In this case the time required to perform a correlation to deliver the corresponding point at depth is longer than the time required for a single FFT but shorter than the time for data re-sampling followed by FFT currently used by the SD methods.

Here, we present a novel algorithm for the comparison operation required by the MS method, which is much faster than the two algorithms used in [32] and in [33]. This algorithm allows production of *en-face* images in real time with no need for extra hardware such as GPU cards. As the most significant result of the correlation operation, as described in [32], is the correlation for lag zero, the algorithm presented here uses a finite number of multiplication operations calculated in the vicinity of zero lag. We refer to this algorithm as a short correlation algorithm. Using this algorithm, a whole set of 36 *en fac*e images is obtained in 3 s and real-time generation of *en-face* images of the eye fundus *in-vivo* becomes possible, being able to deliver up to four such images in real-time at a rate of 0.6 Hz, or one *en-face* image at 1 Hz.

## 2. Experimental set-up

Figure 1 presents the schematic diagram of the implemented MS-OCT system. As optical source, a swept source (SS) (Axsun Technologies, Billerica, MA), central wavelength 1060 nm, sweeping range 106 nm (quoted at 10 dB) and 100 kHz line rate is used. The interferometer configuration, I, employs two single mode directional couplers, DC_{1} and DC_{2}. DC_{1} has a ratio of 20/80 and DC_{2} is a balanced splitter, 50/50. DC_{2} feeds a balance detection receiver from (Thorlabs, Newton, New Jersey, model PDB460C), using two photo-detectors, PhD_{1} and PhD_{2} and a differential amplifier DA, part of a Signal Acquisition Block (SAB). 20% from the SS power is launched towards the object arm, via lens L_{1} (focal length 15 mm), which collimates the beam towards a pair of scanners XYSH, (Cambridge Technology, Bedford, MA, model 6115) followed by an interface optics made from two lenses, L_{2} and L_{3}, (both of 75 mm focal length). The power to the object O is 2.2 mW, where the object O is shown either as the retina of an eye or a flat mirror, as detailed below, in a model eye, ME, using lens L_{4} (focal length 22 mm).

At the other output of DC1, 80% from the SS power is directed towards the reference arm equipped with slave reference mirrors, SRM_{1}, SRM_{2}, placed on a translation stage, TS to adjust the optical path difference (OPD) in the interferometer. Collimating lenses L_{5} and L_{6} are similar to L_{1}. The signal from the balanced receiver is sent to one of the two inputs of a dual input digitizer (Alazartech, Quebec, Canada, model ATS9350, 500 MB/s. A trigger signal from the SS synchronizes the acquisition (input T). The acquired channeled spectra CS are manipulated via a program implemented in Labview 2013, 64 bit, deployed on a PC equipped with an Intel Xeon processing unit, model E5646 (clock speed 2.4 GHz, 6 cores).

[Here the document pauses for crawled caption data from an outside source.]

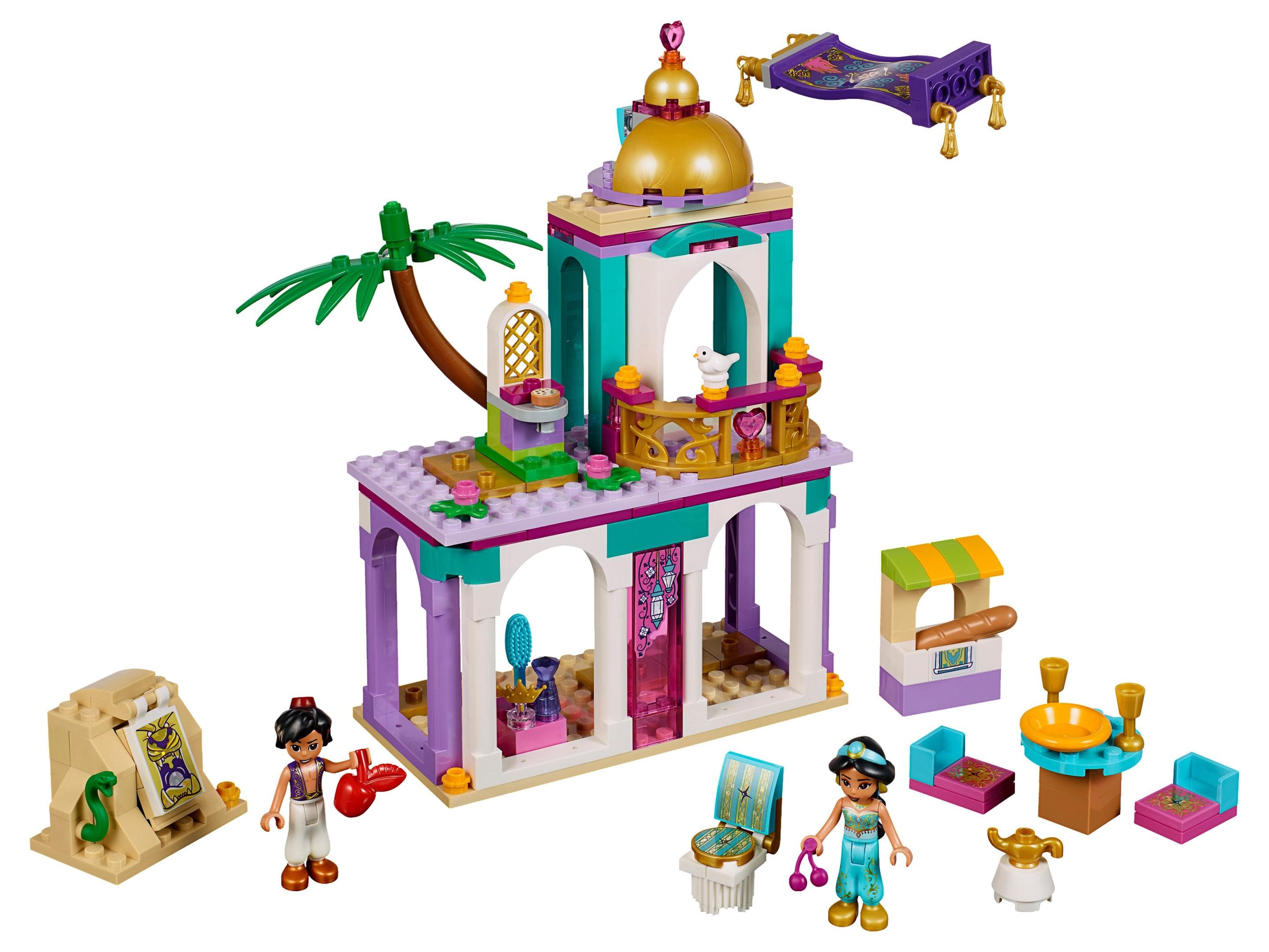 LEGO sættet Aladdin and Jasmine's Palace Adventures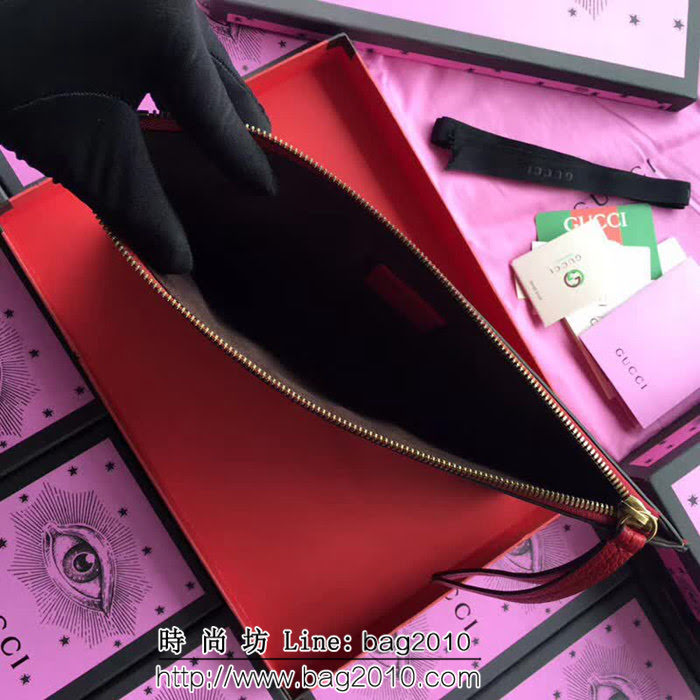 GUCCI古馳 歐洲原單 花卉圖案 手拿包 424900 鳳凰鳥 WTG1565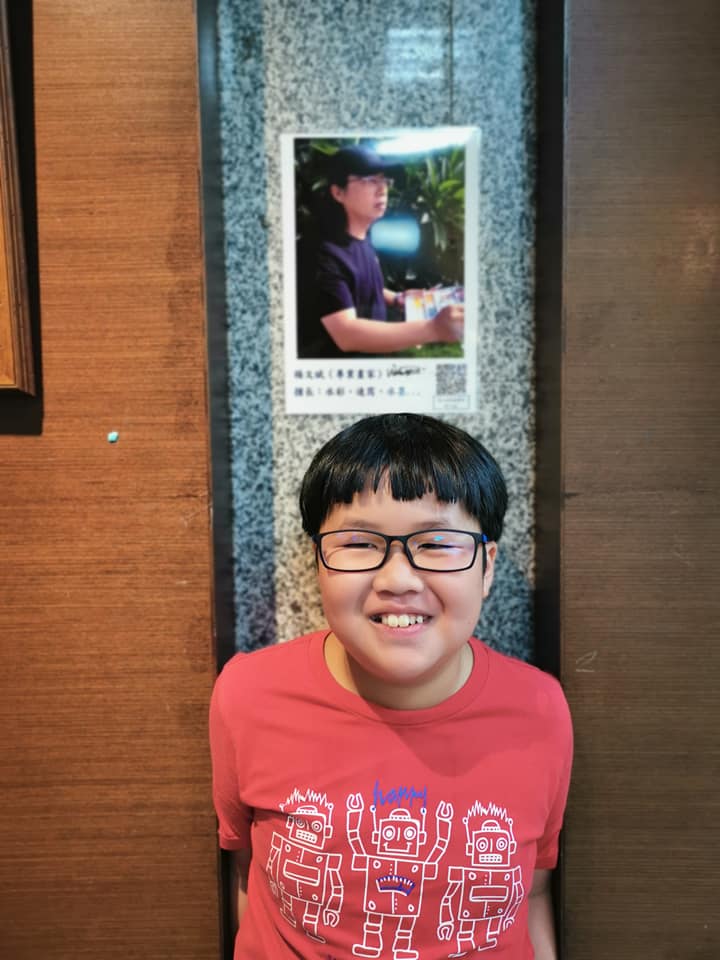 亞洲難得一見小畫家！「金門10歲男孩」天賦驚艷國際　無師自通「畫出超猛水彩畫作」專家讚：住著老靈魂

The MS method proceeds in two stages, depending on the position of switches K_{1}, K_{2} and K_{3} that are used to switch the functionality of the interferometer and of the SAB. In the *Preparation* stage, switches K_{1}, K_{2} and K_{3} are placed in position 1. The ME is used as object, the XYSH is on axis (at rest) and channeled spectra, M_{p}, for p = 1,2 …P, corresponding to a set of optical path differences, OPD_{p}, measured between the reference and sample arm lengths of the interferometer are recorded and placed in the Memory block. Normally, signals M_{p} (masks) should be recorded at OPD values separated by half of the coherence length of the optical source or denser and stored in the Memory block part of SAB. In the *Measurement* stage, switches K_{1}, K_{2} and K_{3} are all placed in position 2, the eye is placed in the object arm of the interferometer and the channelled spectrum acquired, CS, is correlated with all masks M_{p} in the Processing block. Correlation with each mask, M_{p}, provides an output signal of amplitude A_{p}, as a point in the A-scan for the OPD value used to create that mask. The processing block shown in Fig. 2(b) details how the amplitude of the signal originating from a certain depth in the sample is calculated:

- 1. Correlation of the current channeled spectrum,
*CS,*with a mask, M_{p}according to [32]. The correlation is calculated over the wavenumber axis, with variable the wavenumber,*k*. If the swept source is stepped in a number of M frequency steps, then the summation of products of the two terms is performed over 2M-1 points. For the data shown in this paper, 2M-1 = 1023. - 2. After correlation, the signal is high-pass filtered (HPF) to remove the DC component, and rectified. The amplitude of the signal is then evaluated in k = 0. A maximum is expected to be obtained around k = 0, however its position depends on the phase between the mask and the current CS acquired, and therefore an average of values in the vicinity of zero lag is performed as detailed in the next paragraph.

The procedure of inferring the reflectivity strength from a scattering center at a depth z_{p} using the MS method is shown in Fig. 2(b). For simplicity, the channeled spectrum CS and the mask, M_{p}, are shown as sinusoidal signals. In practice, CS is a superposition of many chirped sinusoidal shapes and the M_{p} is a chirped sinusoidal versus wavenumber, as no linearization of data is performed. For comparison, Fig. 2(a) shows the whole A-scan obtained via a single FFT step from the channelled spectrum CS. If all points along the A-scan are needed, then the MS method in Fig. 2(b) needs to be repeated for all P masks, M_{p} with p = 1,2…P.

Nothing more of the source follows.